This is the multi-page printable view of this section. Click here to print.

Return to the regular view of this page.

Guide to Application building

best practice to build SDaaS applications.

    SDaaS™ is a software platform that helps to build Semantic Web Applications and Smart Data Plaforms.

    SDaaS assists in constructing and managing a knowledge graph that organizes linked data resources annotated with application-specific semantics.

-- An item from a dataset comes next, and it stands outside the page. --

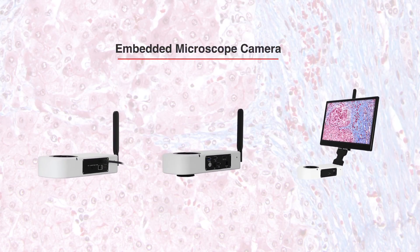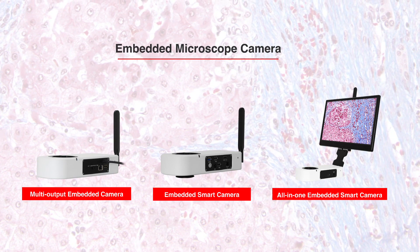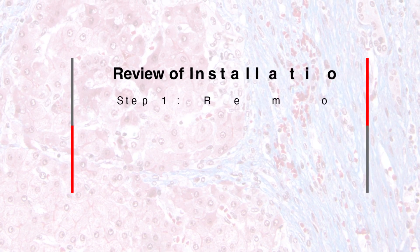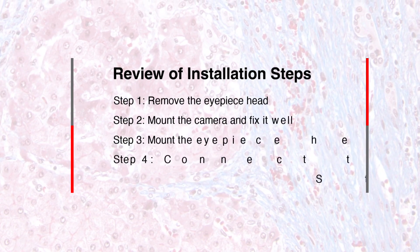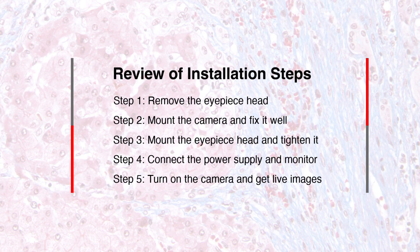By the way, we have three types of embedded cameras, but the mounting is the same — please refer to this video for mounting. By following these instructions, we can ensure that you obtain live images from the microscope camera within five minutes.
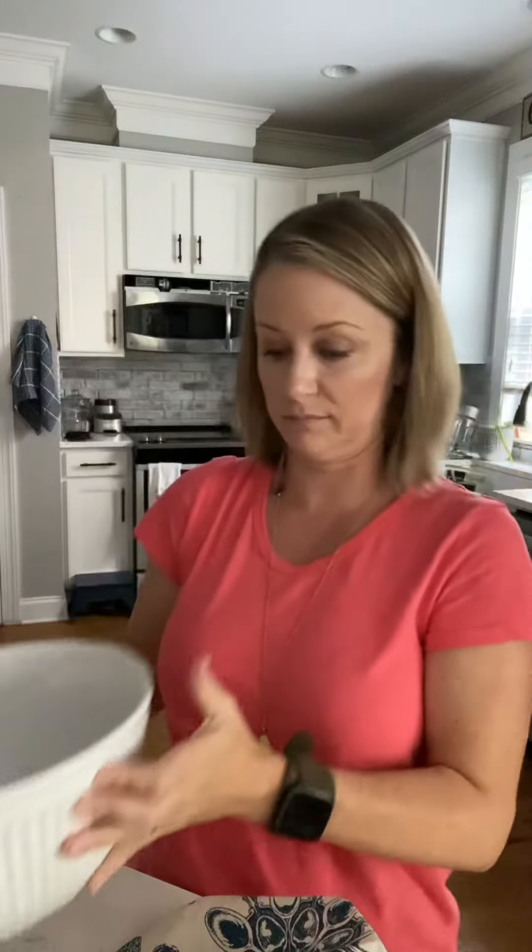I want to show you how I have these nesting bowls. This is the size of the large one, and this dish cover slides on just like a shower cap. You see there's still plenty of room, so you could even go bigger if you had a larger bowl.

    Instead of accessing various data silos, applications utilize the knowledge graph as a reliable central repository, offering a semantic query service. This repository contains a semantic enriched replica of all the data necessary for the application. Because of the inherently distributed nature of the web and the continuous changes in data, an application using the SDaaS platform adopts the Eventual Consistency model. This model is highly popular today as it represents a reasonable trade-off between performance and complexity.

    What is a semantic web application

    A semantic web application is a software system designed to leverage and utilize the principles and technologies of the Semantic Web.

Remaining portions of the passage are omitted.